Il faut dire que notre sous-région aussi a de nouveaux problèmes et il faut qu’on en tienne compte. La sécurité par exemple est un problème auquel il faudra faire face parce qu’il devient sérieux. C‘est un problème de ressources parce que si nos pays, qui n’ont pas déjà suffisamment d’argent pour financer les programmes de PF, doivent maintenant se soucier de comment protéger leurs populations, c’est un nouveau sérieux problème. Mais je crois qu’il faut penser positif et réfléchir en tant qu’africain. C’est le tour de l’Afrique, c’était celui de l’Asie et autres.

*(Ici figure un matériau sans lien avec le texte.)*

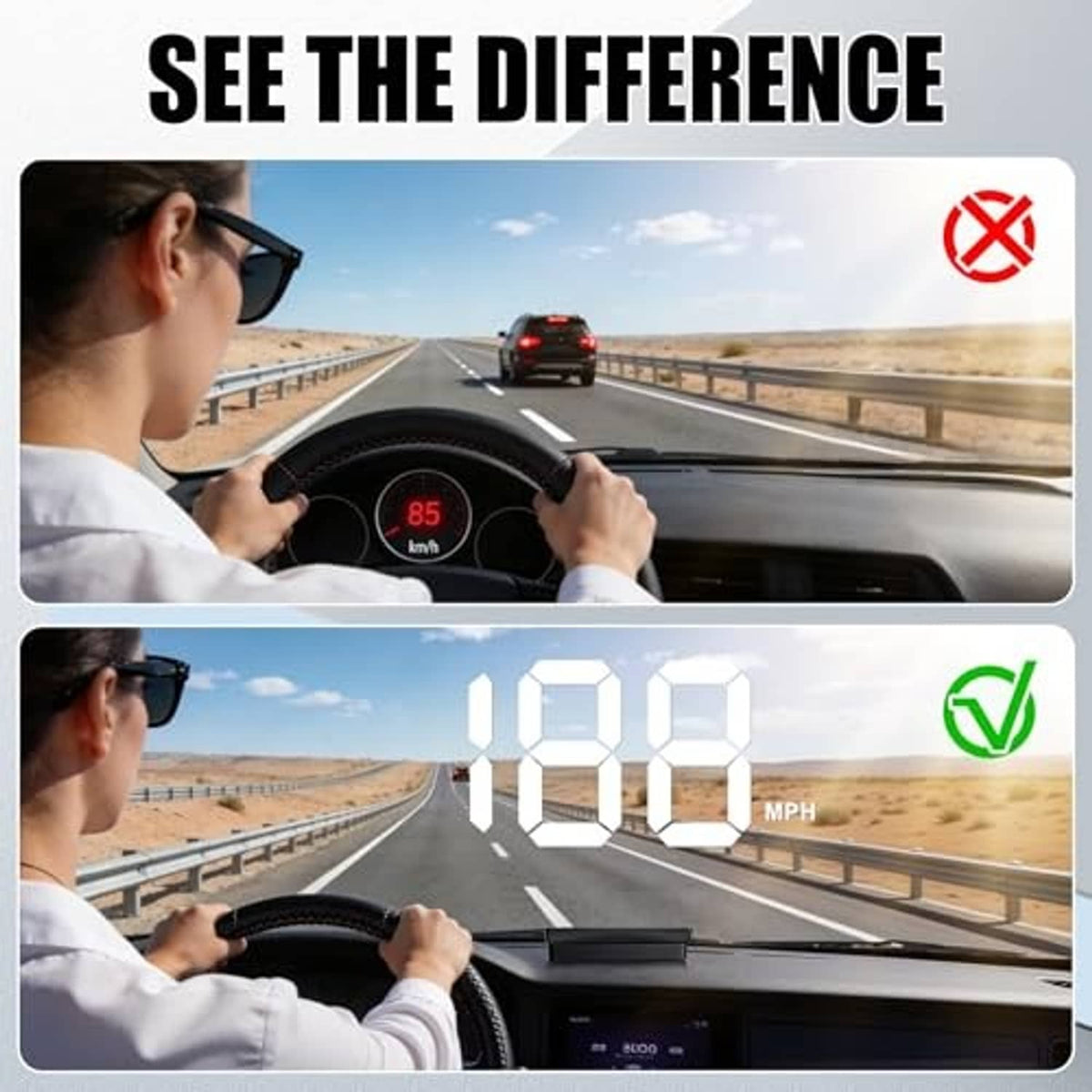 Car head-up display windshield speed projection with bright LED digits and mph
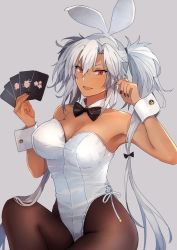 Rule 34 | 1girl, animal ears, armpits, black nails, black pantyhose, breasts, card, dark-skinned female, dark skin, detached collar, fake animal ears, fingernails, glasses, grey background, hair between eyes, highres, holding, holding card, kantai collection, kasumi (skchkko), large breasts, leotard, long hair, musashi (kancolle), musashi kai ni (kancolle), nail polish, open mouth, pantyhose, rabbit ears, red eyes, smile, solo, two side up, white hair, white leotard, wrist cuffs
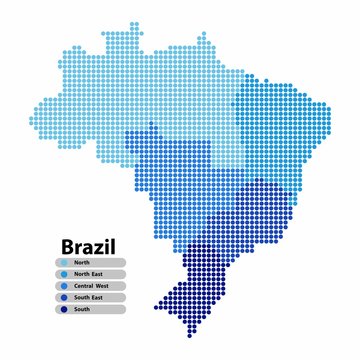 Brazil Map of circle shape with the regions blue color in bright colors on white background. Vector illustration dotted style.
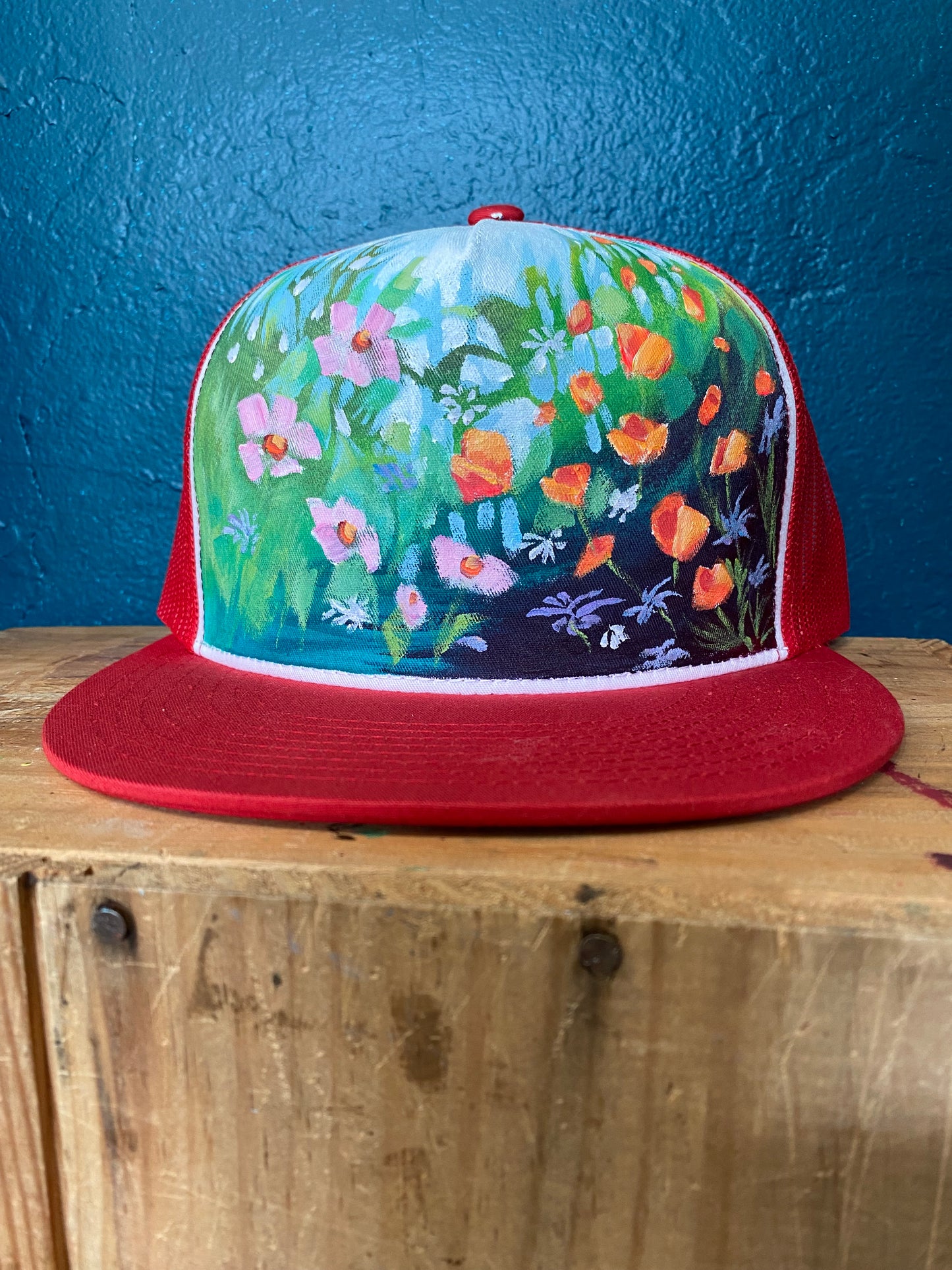 "Summer Garden" Hand Painted Hat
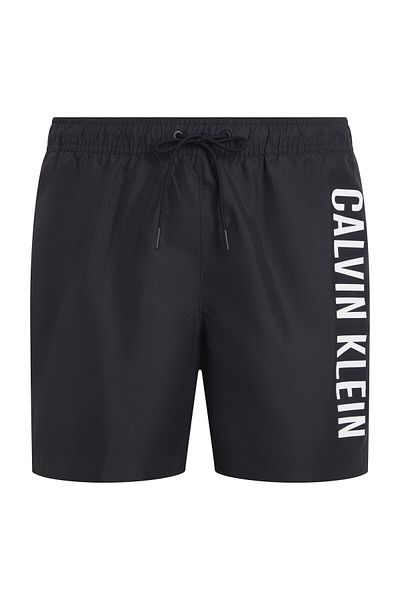 Calvin Klein Férfi márkalogós fekete úszónadrág gyorsan száradó poliészterrel, strandoláshoz és tengeri használatra Km0km01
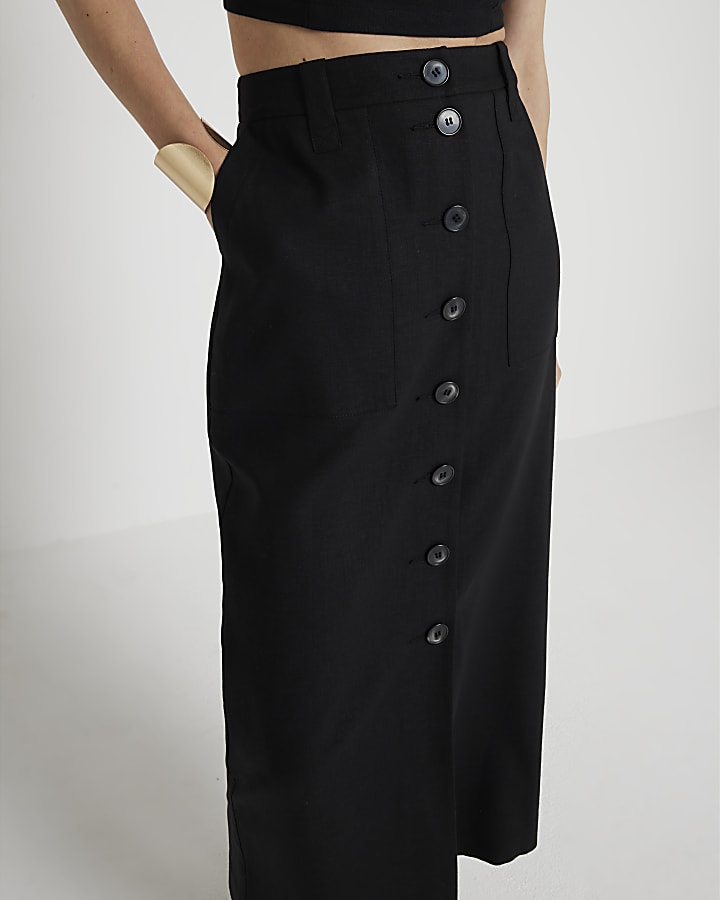 Black linen blend button up maxi skirt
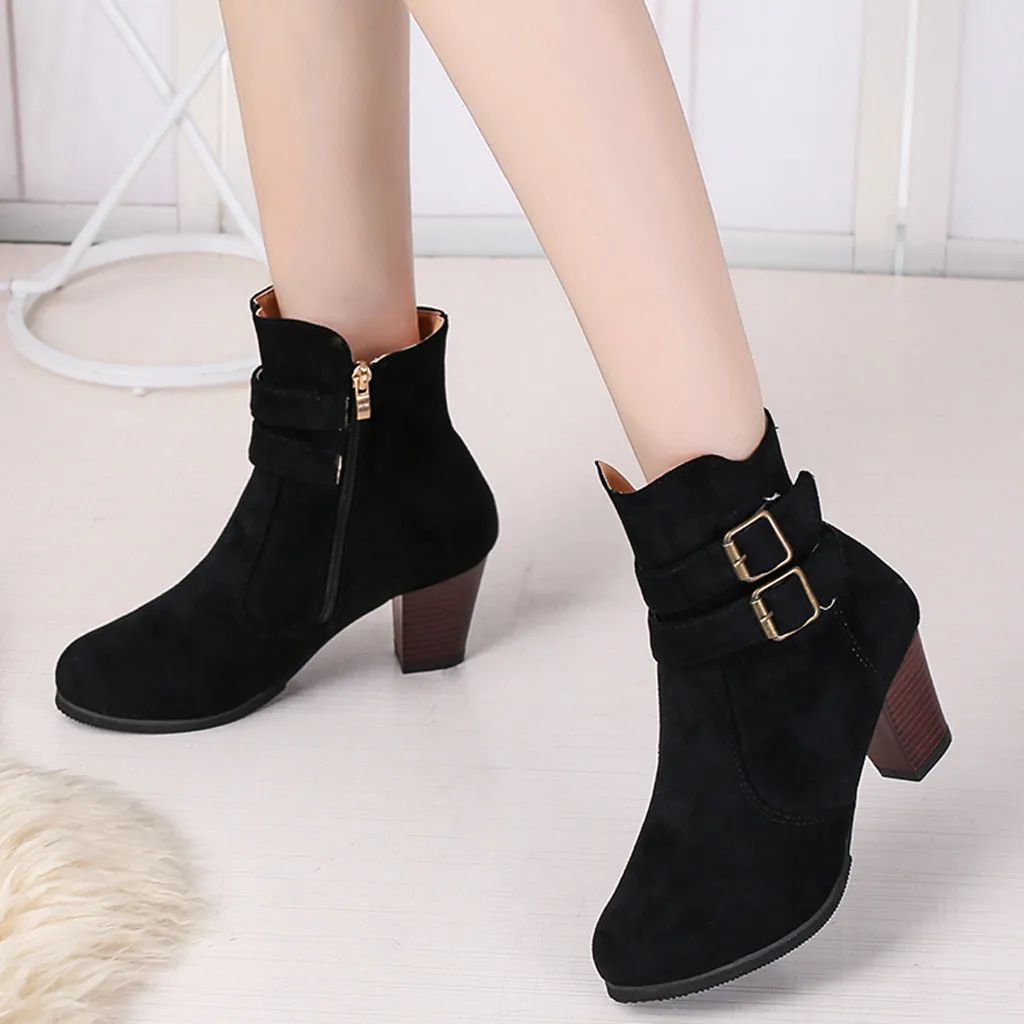 Женские ботинки на высоком каблуке бежевые женские в римском стиле размера плюс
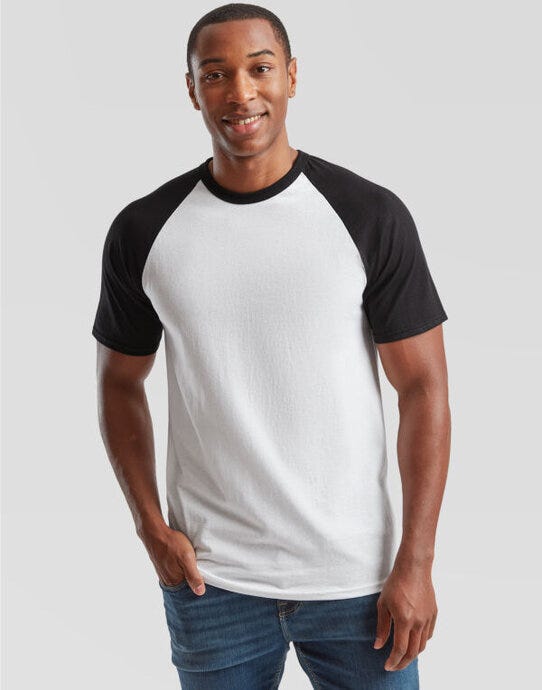 Fruit Of The Loom 61026 FOTL Mens Valueweight SS Baseball T - White/Black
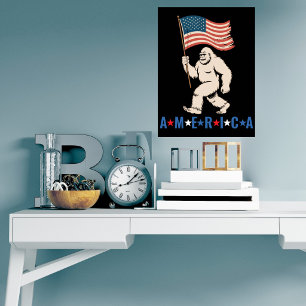 Poster Bigfoot América Patriótico Divertido Sasquatch EUA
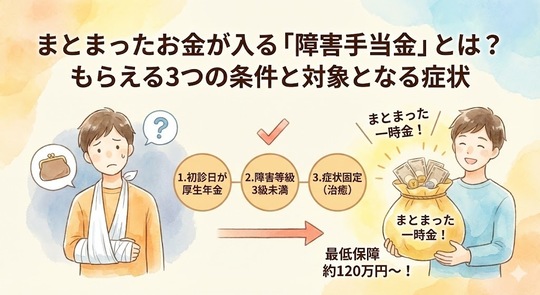 まとまったお金が入る「障害手当金」とは？もらえる3つの条件と対象となる症状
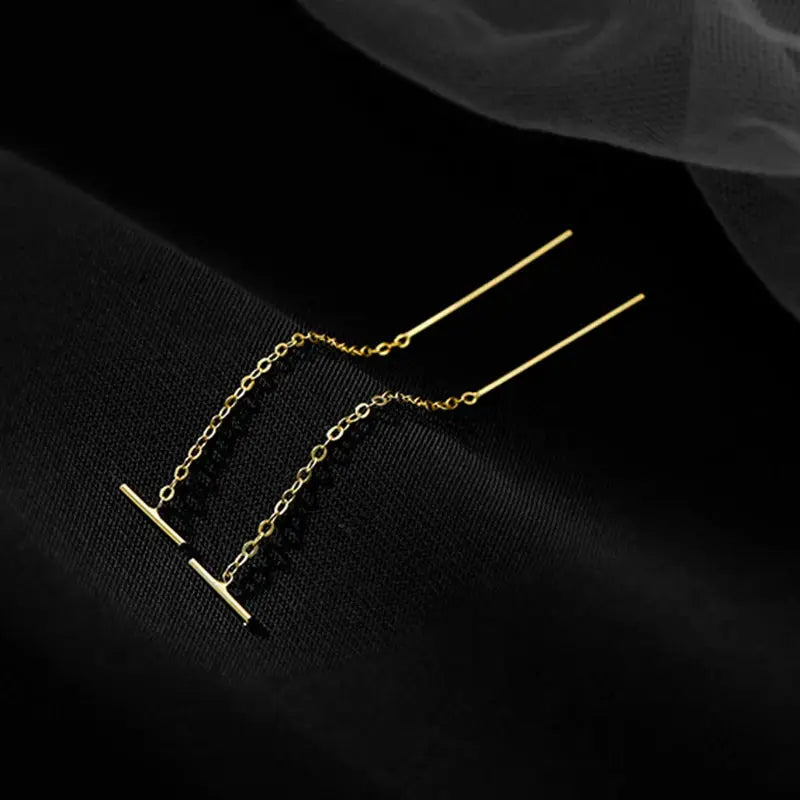 Geometric Square Drop Earrings For Women Korean Fashion Gold Color Long Tassel Dangle Party Jewelry Gift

L’Afrique va décoller et commence à décoller et je pense que la PF a son rôle à jouer et il faudrait qu’on arrive à engager toutes les bonnes volontés, toutes les communautés parce que la PF est une affaire de tous.
Alors ceux qui résistent aujourd’hui, c’est parce qu’ils n’ont pas la bonne information. Mais on ne peut pas réussir le développement économique sans des programmes effectifs de PF.
J’ai une vision très positive de l’avenir. Je crois aux ressources humaines que nous avons aujourd’hui. Je crois en la jeunesse et je crois en notre capacité en tant qu’africain à gérer les choses, de nos propres mains. Je remercie les bailleurs pour ce qu’ils ont donné jusqu’à présent et je pense qu’on peut utiliser tout ça pour aller plus loin dans le futur.
Sur le rôle et le fonctionnement de l’Unité de Coordination après 2020
Si la décision me revenait, j’aurais dit qu’il faut utiliser la plateforme qu’on a pu bâtir avec l’UCPO et l’améliorer.
Je pense qu’on a une plateforme de coordination qui a fait ses preuves et je crois que ce n’est pas le moment de tout démanteler et de recommencer.
Il faut bâtir des acquis que l’unité a pu avoir, l’élargir pour résoudre les problèmes dont j’ai parlé plus haut, c’est-à-dire, avoir des voix supplémentaires, et voir comment en faire une plateforme multisectorielle.
Il ne faut pas trop compliquer les choses. On a quelque chose qui marche et quand c’est le cas, il ne faut pas le détruire, il faut essayer de le bâtir convenablement et le consolider.